Fatal accident sparks emotional online debate
Reaction to reporting in The Martha's Vineyard Times on the accident that left a young Vineyard woman dead and two others injured has surprised, angered, and hurt many of the people who knew her, as well as many people in the Island's Brazilian community.
The Times reported that the driver of the van involved in the accident, Francellyo Dias, a native of Brazil, would be cited for driving without a valid license. The Times also reported that according to court records, Mr. Dias had appeared in Edgartown District Court three times for motor vehicle violations, including a March 1, 2007 charge of unlicensed operation of a motor vehicle. That charge was dismissed upon payment of $100 court costs and completion of eight hours of community service. The article said police intend to cite Michael Diaz, owner of the delivery van Mr. Dias was driving, for employing an unlicensed operator.
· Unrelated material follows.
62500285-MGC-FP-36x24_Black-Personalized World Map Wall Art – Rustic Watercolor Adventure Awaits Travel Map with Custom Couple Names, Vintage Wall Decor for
The news unleashed a torrent of reaction by readers using a Times' online feature that allows comment at the end of an article. There were nearly 100 comments posted in the first 24 hours following publication of the newspaper. By press time yesterday, there were more than 245 messages posted, a figure that does not include the posts deleted for inappropriate content.
Comments posted by readers on www.mvtimes.com ranged from sympathy to thoughtful discussion of the issues, to calls for boycotts, to condemnation of the court system, to inflammatory political remarks about immigration issues.
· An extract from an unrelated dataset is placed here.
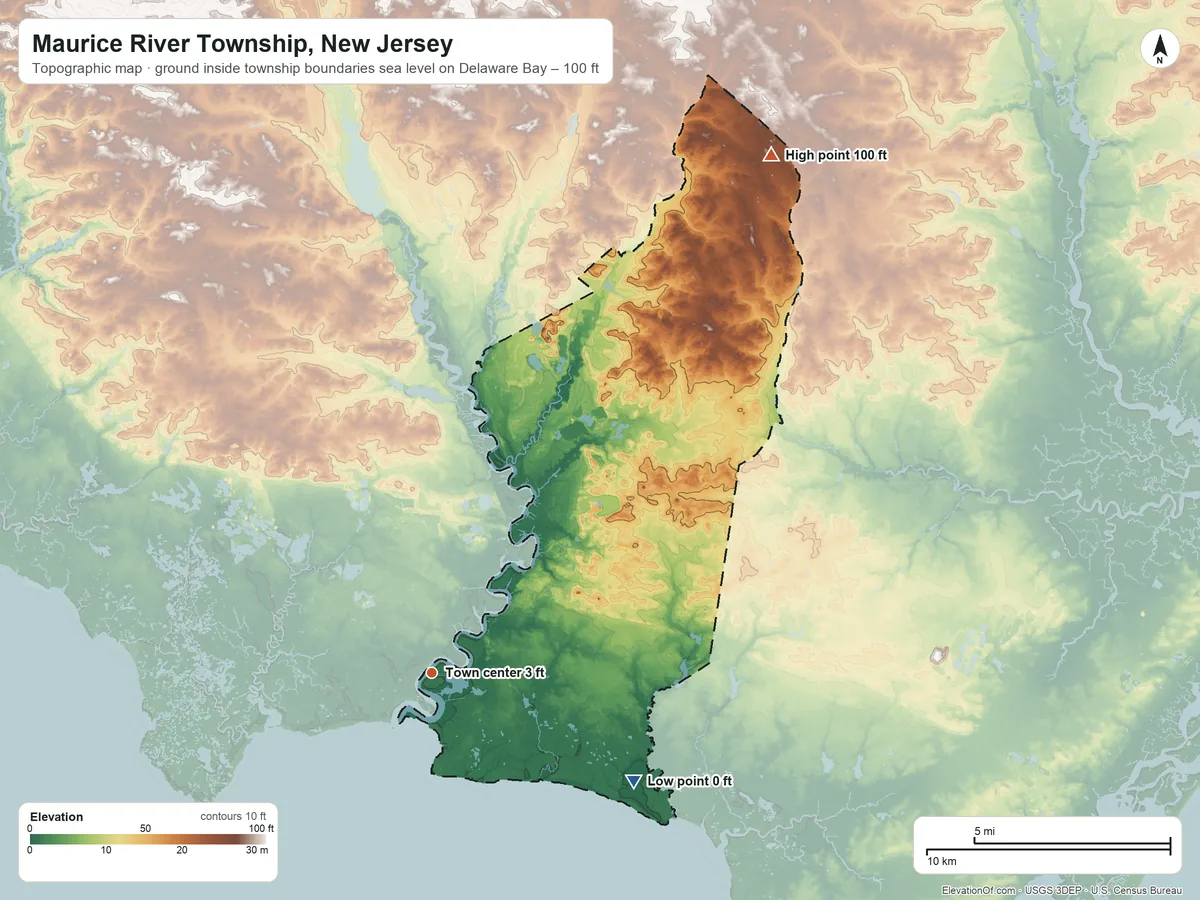 Topographic elevation map of Maurice River Township, New Jersey, shaded from sea level level on Delaware Bay to 100 ft on the northeast side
Pastor Paulo Tenório of Algreja Que Cresce or The Growing Church, a Vineyard Haven church that serves many Brazilians, said many churchgoers were upset about the accident and thought the Brazilian community was being unfairly singled out for blame. "I told the church Sunday, it's time to pray for the family, the girl, the Brazilian people that were hurt," he said.
Pastor Tenório said some were hurt by the comments posted by readers. He said he believes the number of people criticizing his community is a tiny percentage of the Island's population.
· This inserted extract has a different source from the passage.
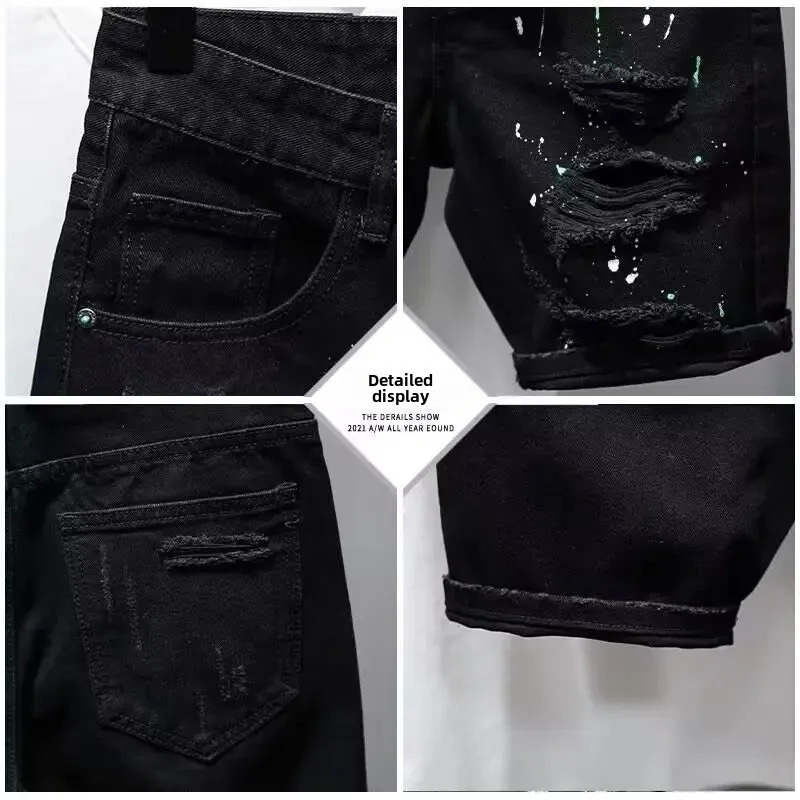 Trendy Mens Unique Hip Hop Black Denim Shorts Loose Fit Summer Style High Quality Cotton Pants With Distressed Details 250614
"Some people use vulgar words, they stereotype," said Pastor Tenório. "I don't think these people are responsible. They need help."
Pastor Tenório and others criticized The Times for allowing inflammatory comments to be posted, and for allowing them to remain on-line.
Times editor Doug Cabral defended the comment feature. "The Times should reflect as broadly and completely as possible the true nature of our community," he said, "including the parts we admire and those that make us uneasy. We know it is a mistake to imagine that even the most liberal among us are content to see the contrary, and often harshly formulated, views of their neighbors reflected in the newspaper, in print or online. They'd like us to bar such disagreeable expressions. Without question, we Islanders are choosy as to whom and to what views we extend the Vineyard's celebrated warm embrace. A newspaper that wants to understand its community and its varied views must make a place for them all."
Brandy Gibson's mother, Leslie DeOliveira, was among those who posted comments on-line. "To all of you that are turning this into a political hate fest, drop it now, please," wrote Ms. DeOliveira. "I'm asking you to stop the hate. We have enough of it in the rest of the world. The death of my daughter is hard enough on the many that knew her; let now be the time to remember her and share your feelings with others, not blaming, pointing fingers, or boycotting."
Ms. Gibson's aunt, Stephanie Berryman-DePaula, said in a phone interview on Tuesday, that her niece would have been very angry to read the comments.
"A good chunk of her family is from Brazil," said Ms. Berryman-DePaula. "A lot of her good friends are from Brazil. She would have been totally [angry] to argue. Brandy wasn't like that."